За сто литров бензина им дали трёхлитровую банку самогона. Налили по полстакана, выпили.

– Я – пас, – сказал механик, когда Слава во второй раз потянулся к банке, – во время работы не пью.

– Ты тоже не будешь? – повернулся к мотористу. Тот отрицательно помотал головой. – А я выпью, может, легче будет, – дотронулся до заплывшего глаза. – Болит зараза.

После обеда вертолёт снова улетел. Мыльников заставил моториста с механиком прибираться на стоянке, а сам заспешил в технический домик, где стояла банка с самогоном. В голове по прежнему гудело, на душе было муторно. Угнетала утрата свидетельства. За это могли снять с работы.

Ребята, прибравшись на стоянке, через полчаса зашли в домик и увидели спящего за столом Славу. Наполовину пустая банка позволяла судить о его состоянии.

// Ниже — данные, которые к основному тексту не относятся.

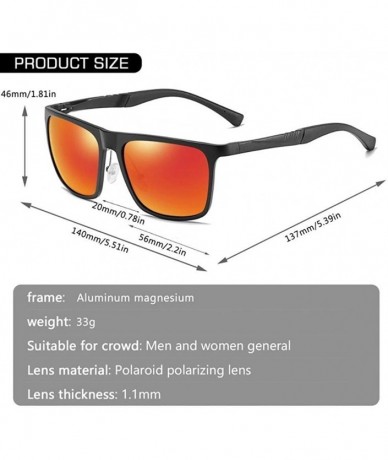 Rectangular Men Aluminum Magnesium Polarized Sunglasses Square Mirror for Driving Fishing Male Sun Glasses UV400 - C2199HUOOK...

– Слава! – затряс его механик. – Уже готов? Зря ты так пьёшь.

Тот тяжело поднял голову, пьяно посмотрел единственным глазом на своего помощника, явно его не узнавая.

– Отвали, не твоё дело! Кто ты такой, чтобы меня учить?

Последнее время, когда Слава перебирал, он становился агрессивным и злым и мог ударить человека. Механик это знал и чтобы не накалять обстановку повернулся и молча вышел. А Мыльников снова потянулся к банке.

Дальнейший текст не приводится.